_WORK ORDER:_ No pictures belong in the copy. Retype exactly, and only, the stretch of lines below from the one with "Arnsberg-Bergheim Wohnungen, Arnsberg-Bergheim" through the one with "НАПИЛЬНИК ДЛЯ БЕНЗИНОВОЙ ЦЕПНОЙ ПИЛЫ".

_TASK DATA:_
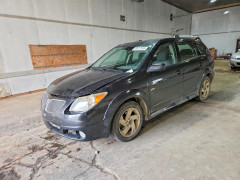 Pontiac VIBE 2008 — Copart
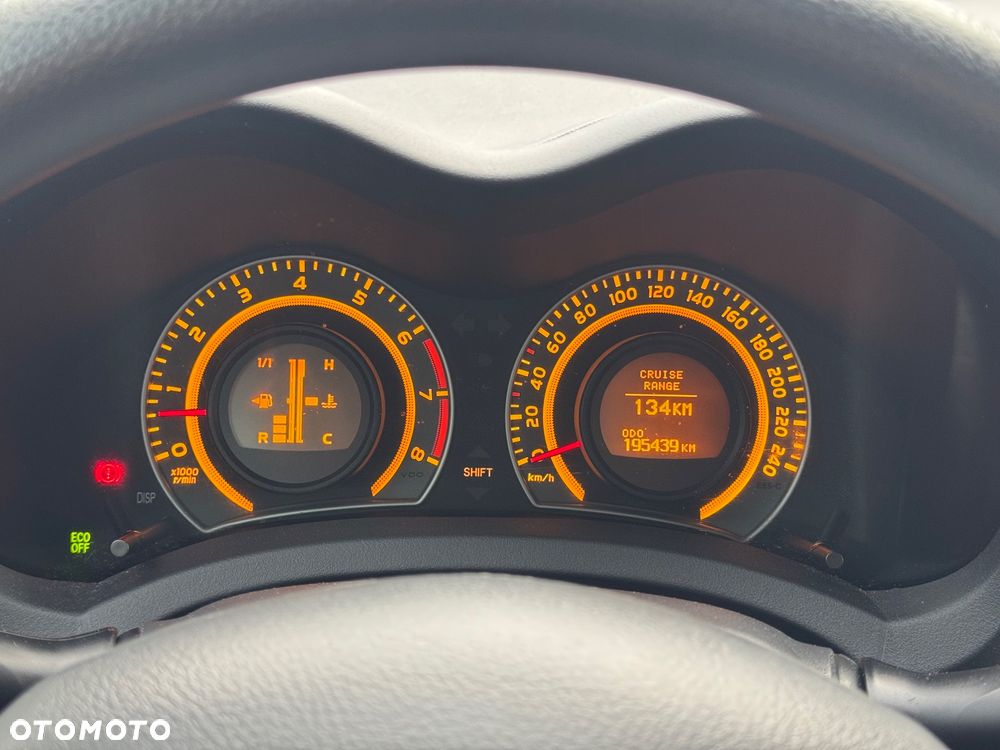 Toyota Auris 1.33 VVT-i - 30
--
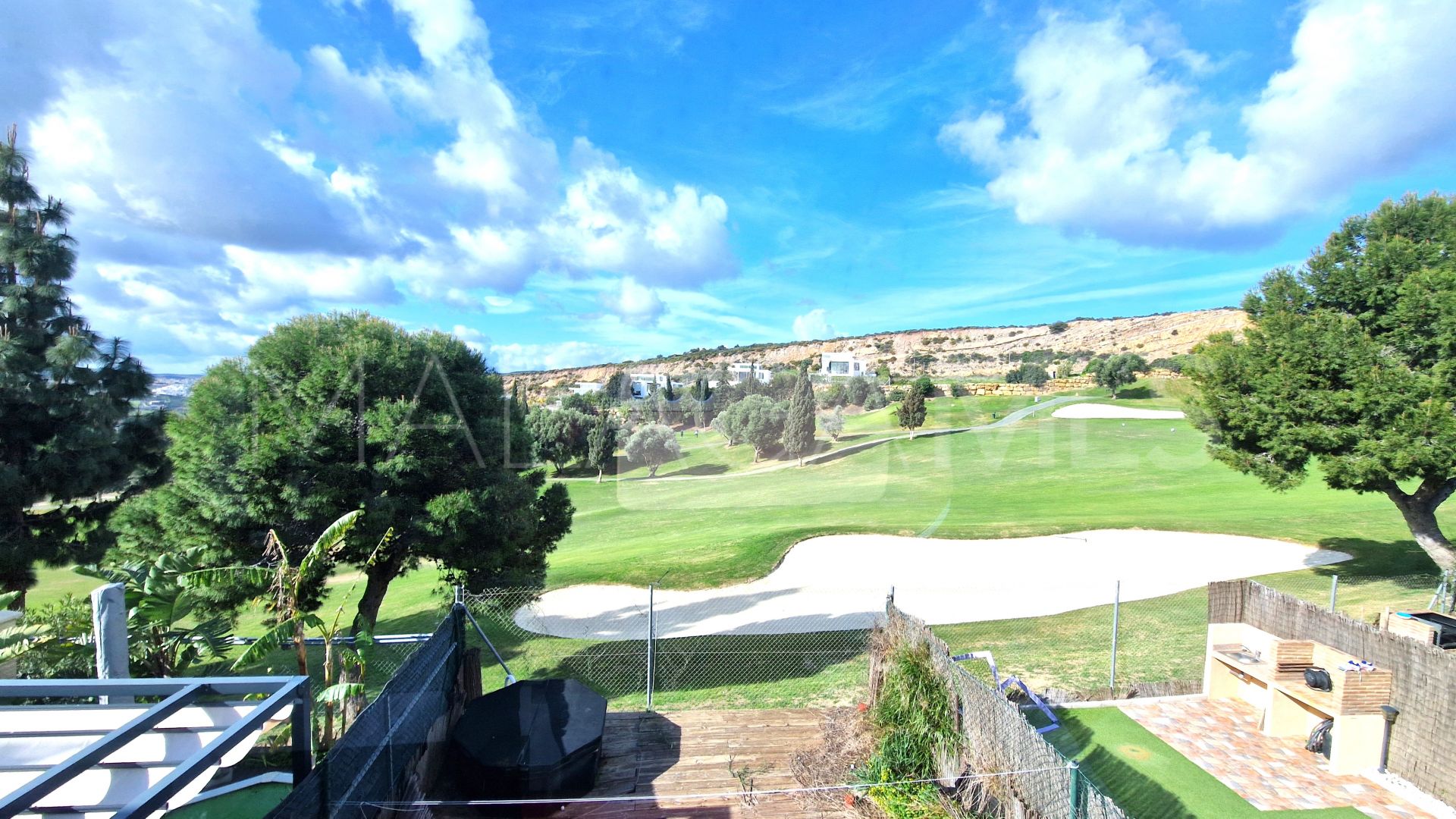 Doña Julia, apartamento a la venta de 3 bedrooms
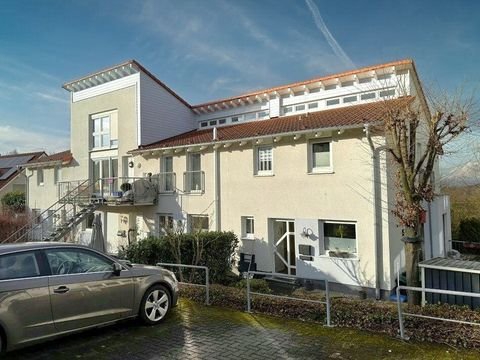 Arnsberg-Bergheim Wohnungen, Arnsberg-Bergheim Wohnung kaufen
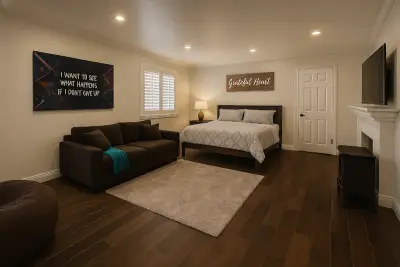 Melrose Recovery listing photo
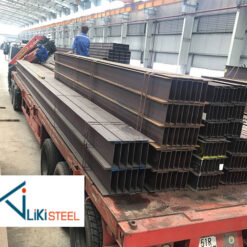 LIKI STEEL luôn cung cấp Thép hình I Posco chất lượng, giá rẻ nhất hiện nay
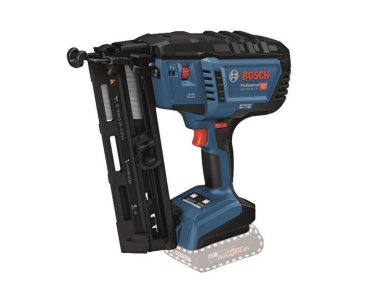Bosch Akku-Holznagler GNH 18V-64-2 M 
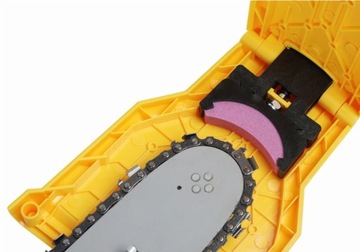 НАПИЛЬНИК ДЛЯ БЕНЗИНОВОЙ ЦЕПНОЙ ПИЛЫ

_RESPONSE:_
 Arnsberg-Bergheim Wohnungen, Arnsberg-Bergheim Wohnung kaufen
 Melrose Recovery listing photo
 LIKI STEEL luôn cung cấp Thép hình I Posco chất lượng, giá rẻ nhất hiện nay
Bosch Akku-Holznagler GNH 18V-64-2 M 
 НАПИЛЬНИК ДЛЯ БЕНЗИНОВОЙ ЦЕПНОЙ ПИЛЫ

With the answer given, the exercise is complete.